For domestic LPG subsidy, which is borne entirely by the Centre, the subsidy mechanism has been tweaked to compensate oil marketing companies on an actual basis, compared with a fixed rate earlier.
Both moves are likely to further free the oil firms from any significant burden on account of oil subsidies, increasing the investors’ appetite for stocks of these companies.
According to a formula adopted for kerosene last year, any under-recovery over and above the government fixed subsidy rate, is compensated by the upstream oil companies ONGC, Oil India and Gail (India). As against Rs 12/litre in FY16, the government subsidy component is likely to be fixed at Rs 8-9 per litre for kerosene in FY17 as crude prices have declined significantly in the past one year, a senior government official said.

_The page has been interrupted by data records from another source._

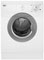 Whirlpool White Super Capacity Compact Electric Dryer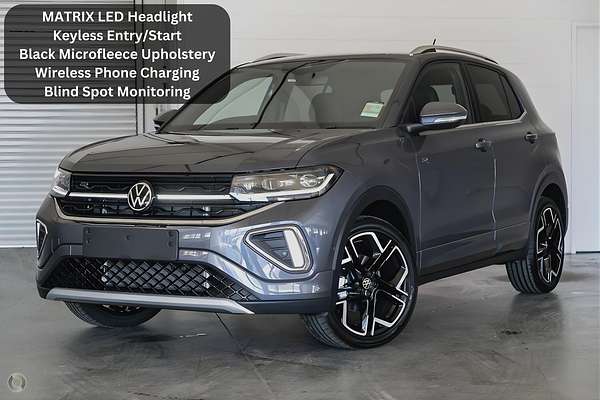 2025 Volkswagen T-Cross 85TSI R-Line D31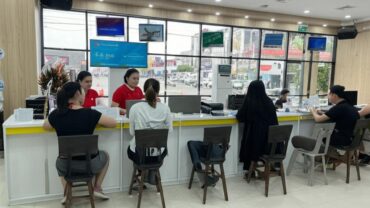 Travel agency in in Tam Điệp flight bookings.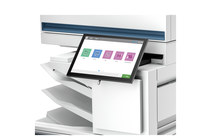 ������� ����������������� ���������� (��������) � ������� HP Color LaserJet Enterprise 6800zfsw mfp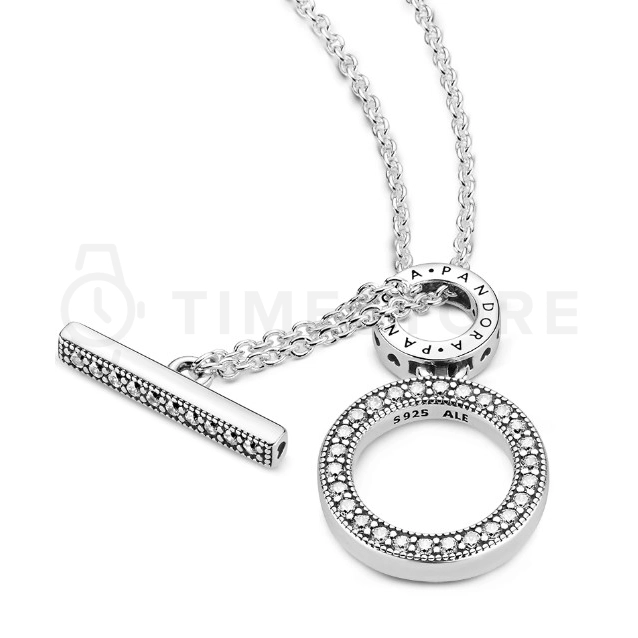 Náhrdelník Pandora Signature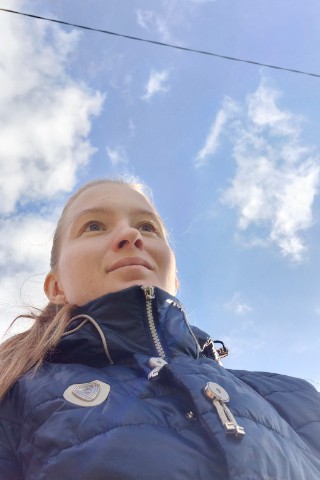 Александра в LOOKY. . ✨ Суббота — день для...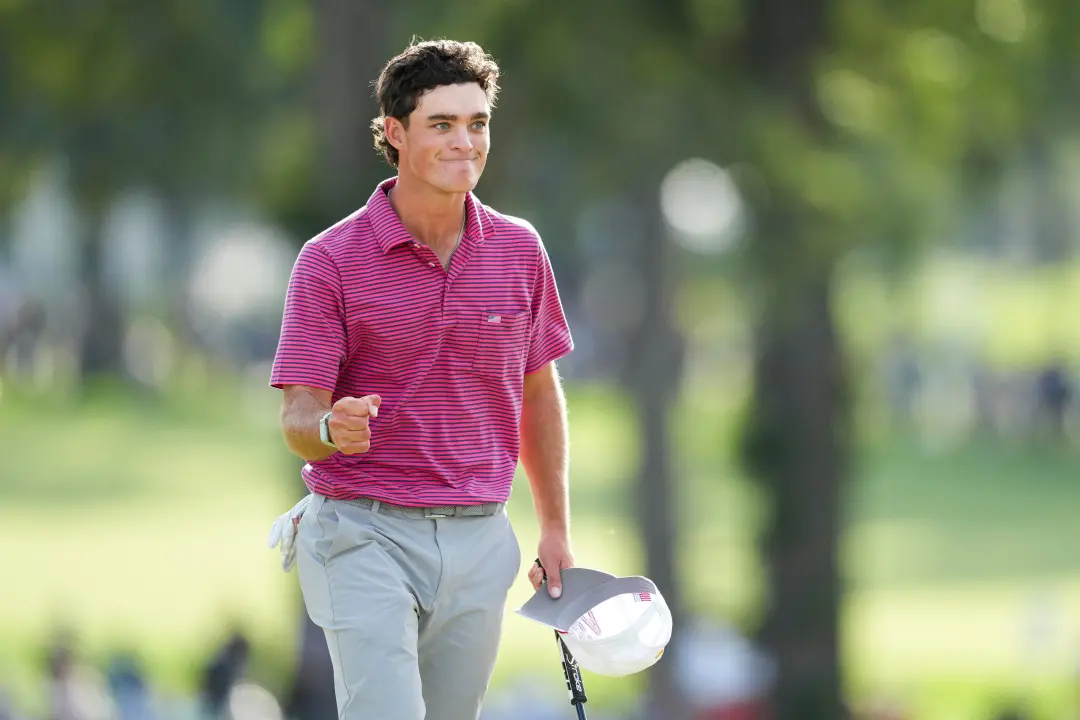 Jackson Koivun entra no Motor City Golf Club, time de expansão da TGL para a temporada de 2027, ao lado de Brooks Koepk…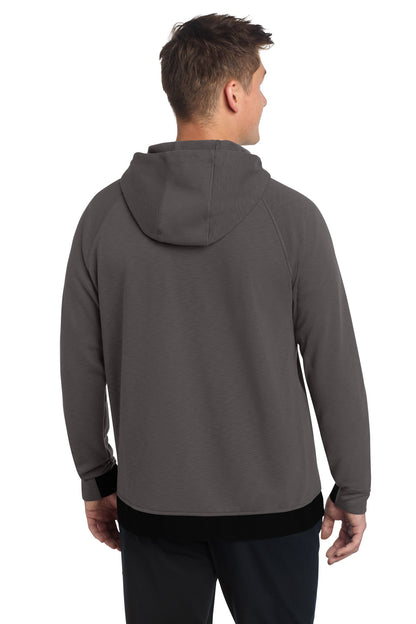 Sport-Tek PosiCharge Strive Hooded Full-Zip ST570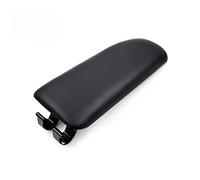 Funda Cuero Para Reposabrazos Central Para Audi A4 B6 B7 2002-2007 Brazo(Black)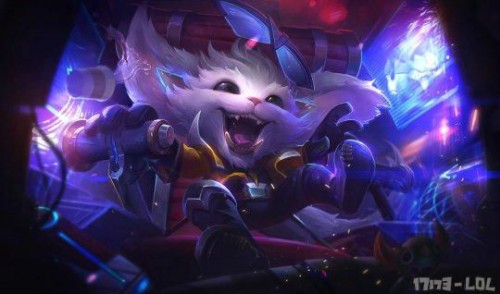 lol國服7.20版本更新內(nèi)容：寡婦重做 2017銀河魔裝機神皮膚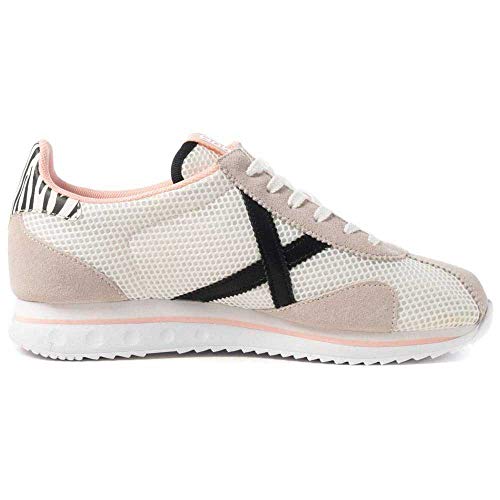 Zapatillas Munich Sapporo Sky 25 Blanco para Mujer 34
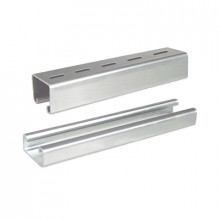 Unl4x4u10ez Charofil Unicanal Liso 4x4 3000 Mm Acabado Ele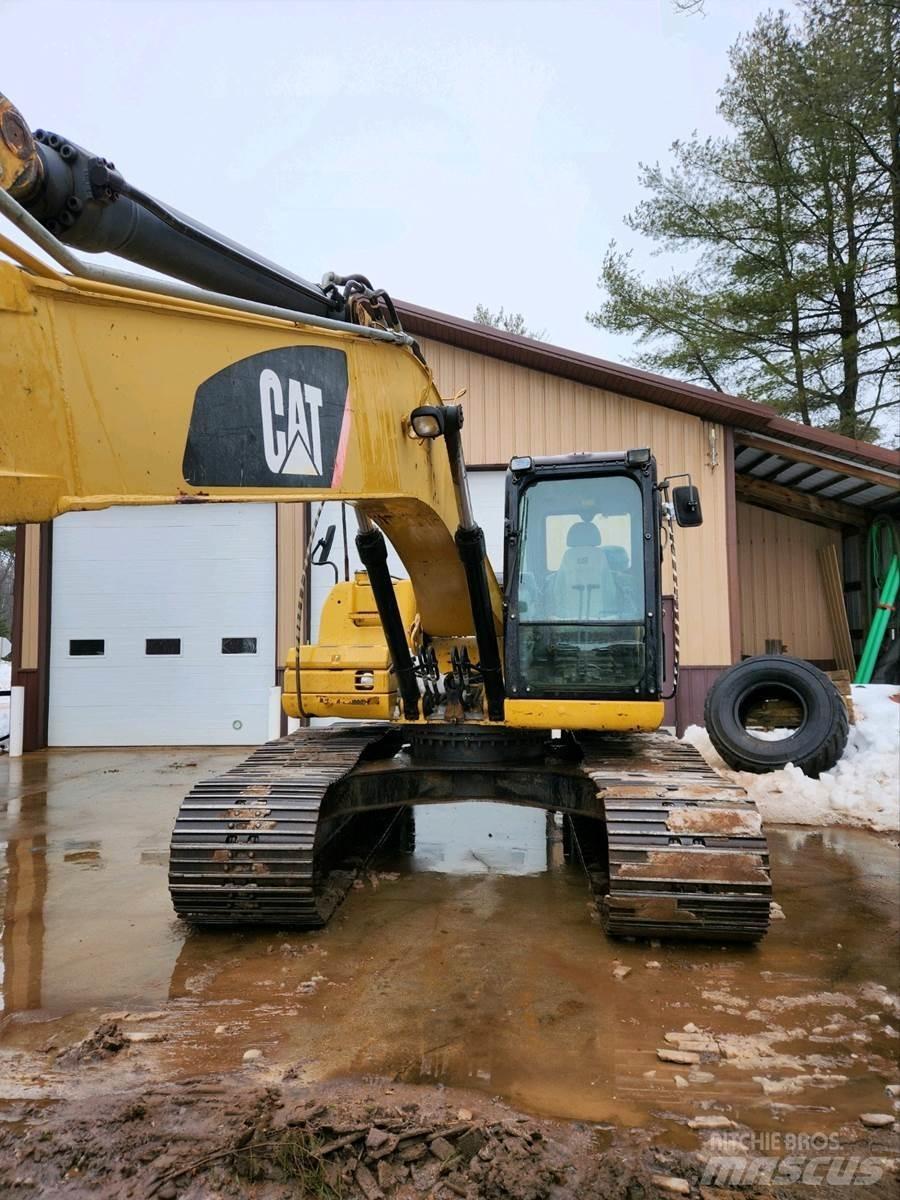 CAT 320DL Escavadoras de rastos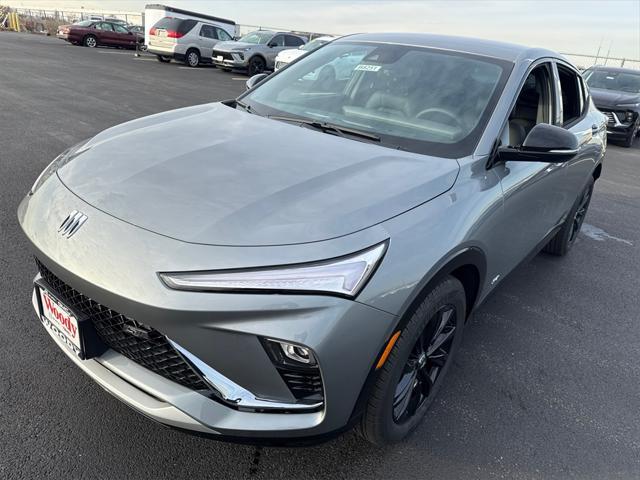 new 2025 Buick Envista car, priced at $25,740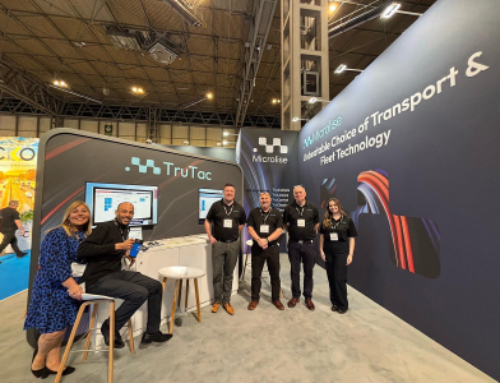 CV Show 2026 – Microlise: telematics and compliance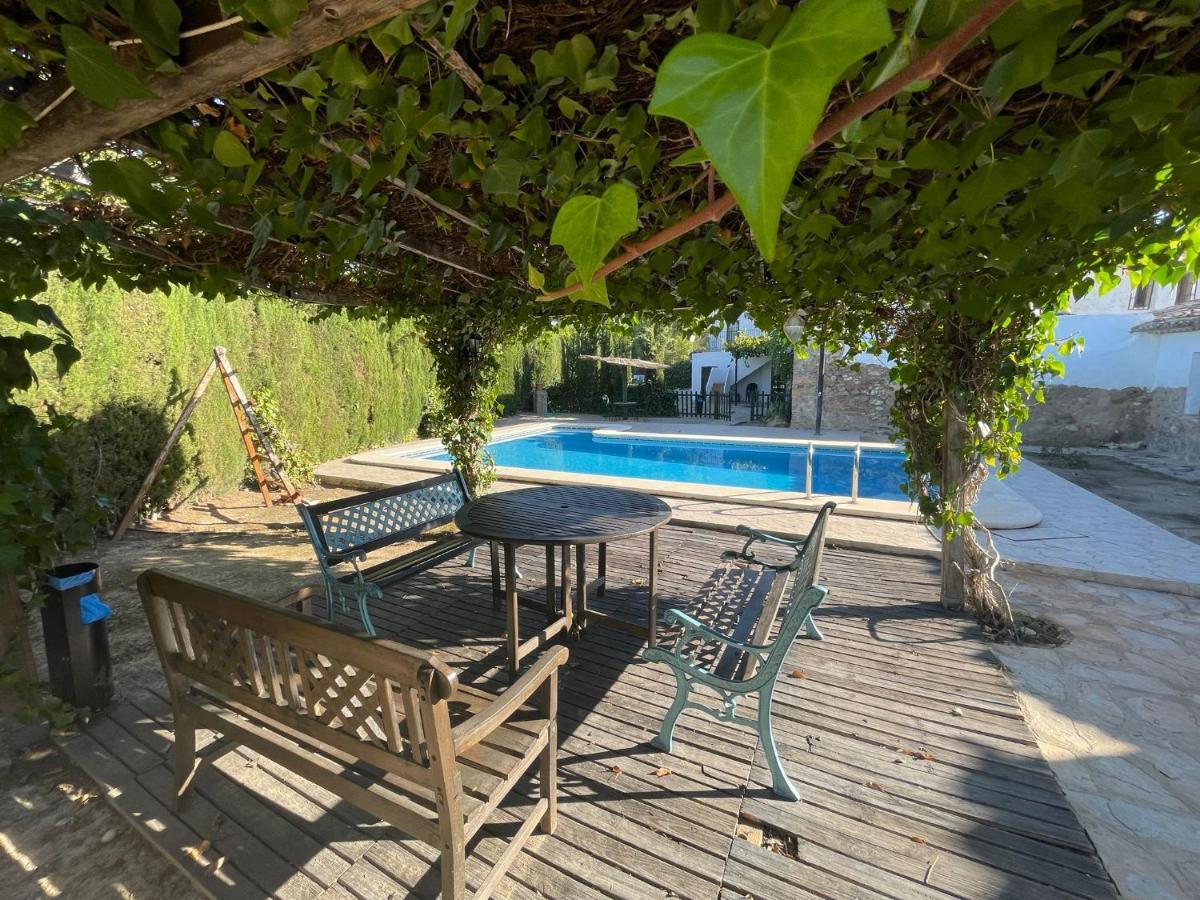 Casas Rurales El Cabezo De La Torre Villa Cieza Bagian luar foto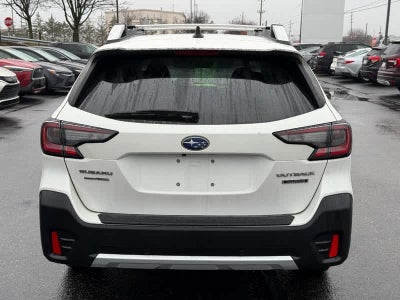 2021 Subaru Outback Touring CVT
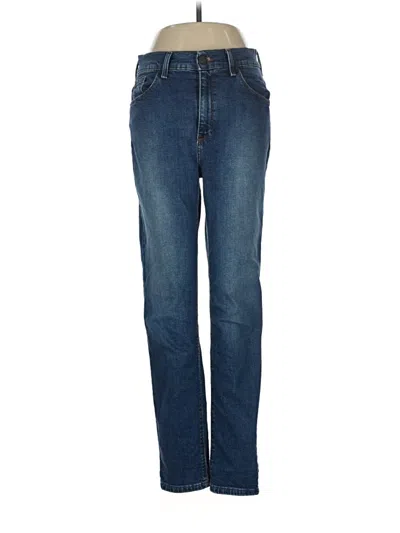Pre-owned Mott & Bow Jeans In Blue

Since the under-recoveries in kerosene by OMCs are now about Rs 9/litre, the burden on upstream companies could be reduced significantly if prices remain largely at current levels, officials said. In fact, in the January-March quarter of FY16, upstream companies did not share any subsidy burden as the under-recoveries for kerosene were below Rs 12/litre.
Of the Rs 11,500 crore of under-recovery in kerosene, upstream companies shared only about Rs 2,000 crore and OMCs Rs 300 crore while the government picked up the tab of about Rs 9,000 crore in FY16.
On the other hand, the average under-recovery on domestic LPG declined by about 63% to Rs 11.08/kg in FY16 as against Rs 29.63/kg in FY15 as the the benchmark Brent crude oil price fell nearly 44% to an average of $48.73/barrel in FY16 against $86.6/barrel in FY15.
However, the Centre provided a subsidy of Rs 18/kg for LPG in April-October and Rs 15/kg in November-March despite lower under-recoveries by OMCs, thereby creating a buffer to meet any contingency should the prices go up.
Towards the end of FY16, the government used the buffer of about Rs 8,000-9,000 crore to settle past dues to OMCs. For 2016-17, the OMCs have been given freedom to pay subsidies to consumers up to Rs 15/kg while they would have to get finance ministry nod if it goes beyond Rs 15/kg. “No buffer would be maintained for LPG subsidy this year as oil prices are expected to remain at lower level,” another official said.
Currently, under-recoveries in LPG is around Rs 5/kg, thus giving enough flexibility to OMCs. The subsidy burden on upstream companies has been on a declining trajectory after prices were freed for petrol and diesel while the government absorbed the entire subsidy burden on domestic LPG after implementation of direct benefit transfer (DBT).
The upstream companies’ subsidy burden has declined to a mere Rs 2,000 crore in FY16 from 42,800 crore in FY15. The budget has provided Rs 26,947 crore for fuel subsidy in the current fiscal, which consists of Rs 19, 803 crore for LPG and Rs 7,144 crore for kerosene.
The better transparency and drastic reduction in subsidy burden could improve investors’ appetite for the Oil and Natural Gas Corporation, in which the government plans to sell a portion of its 68.93% stake through an offer for sale.